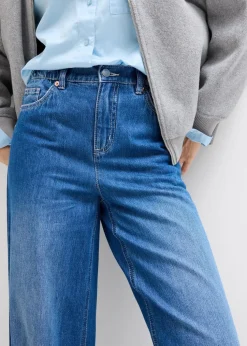 Wide-Leg-Jeans, High Waist, Full Length Bequembund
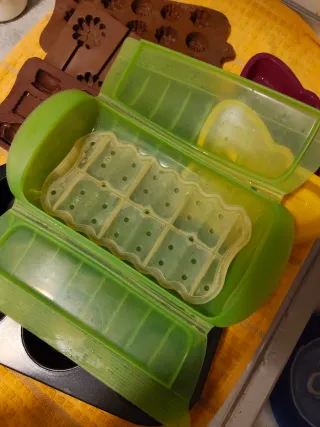 Lote moldes silicona y metal repostería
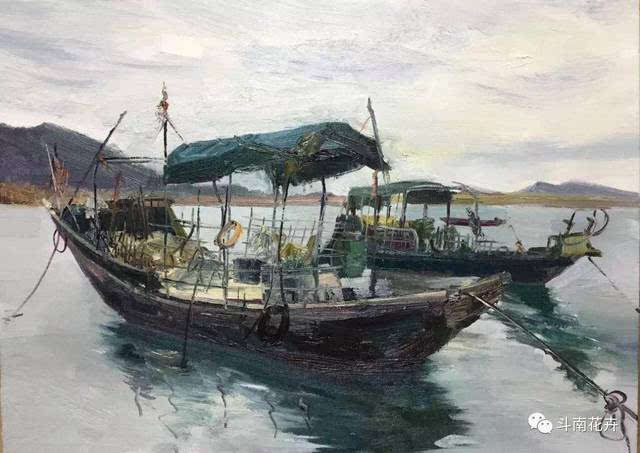 孔丽莎《船(一》布面油画70×50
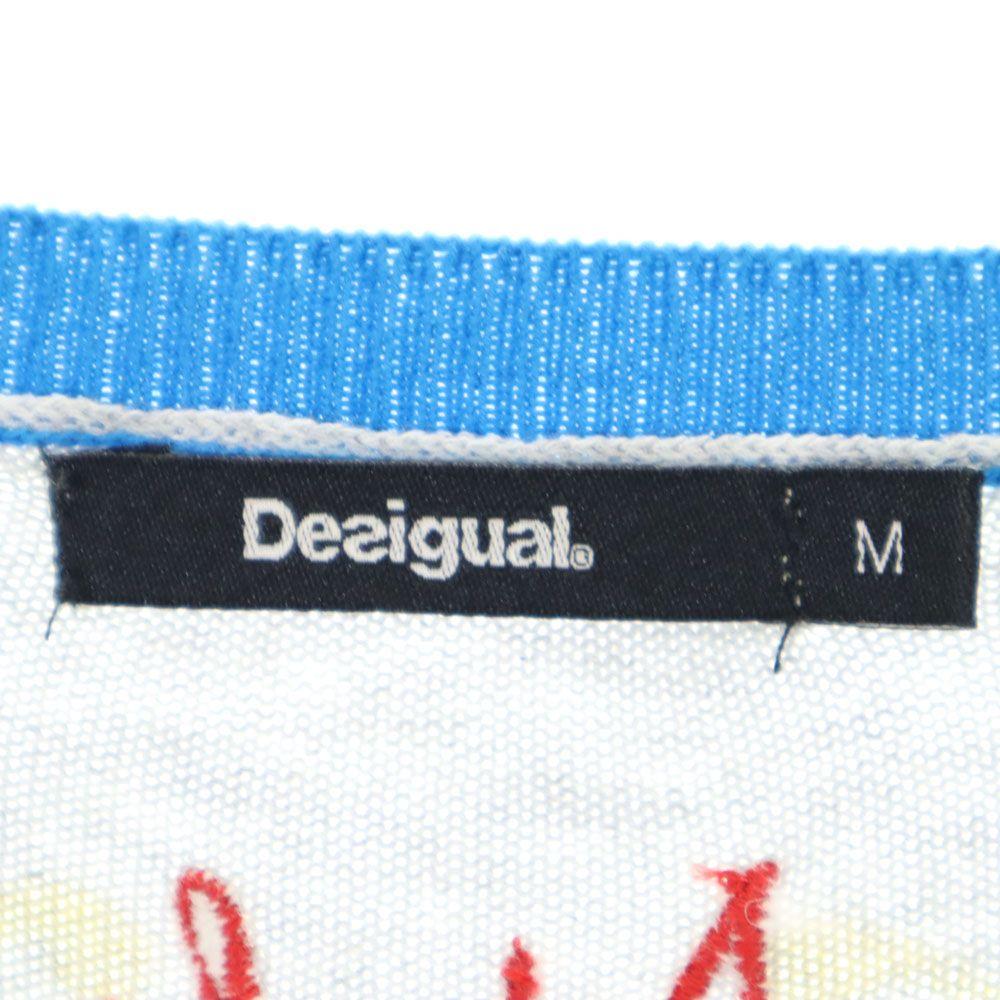 Desigual Вязаный свитер с длинным рукавом M Женский Б/у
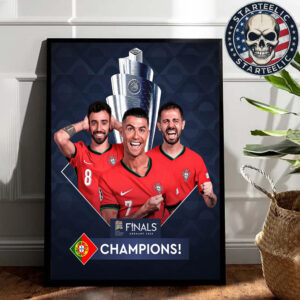 UEFA Nations League Champions Are Portugal In Germany 2025 Home Decor Poster Canvas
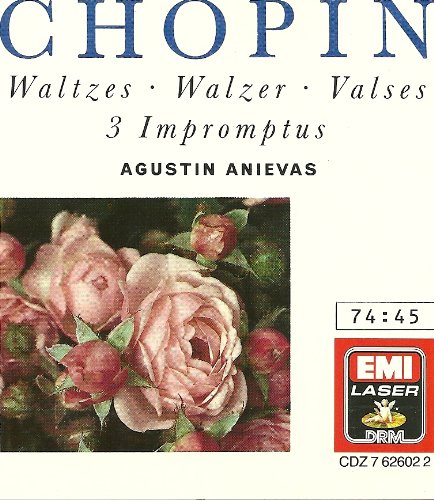 Waltzes 1-19 [Audio CD] Chopin and Anievas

───

Please repeat the entries above exactly, leaving out any pictures.

 Wide-Leg-Jeans, High Waist, Full Length Bequembund
 Lote moldes silicona y metal repostería
 孔丽莎《船(一》布面油画70×50
 Desigual Вязаный свитер с длинным рукавом M Женский Б/у
 UEFA Nations League Champions Are Portugal In Germany 2025 Home Decor Poster Canvas
 Waltzes 1-19 [Audio CD] Chopin and Anievas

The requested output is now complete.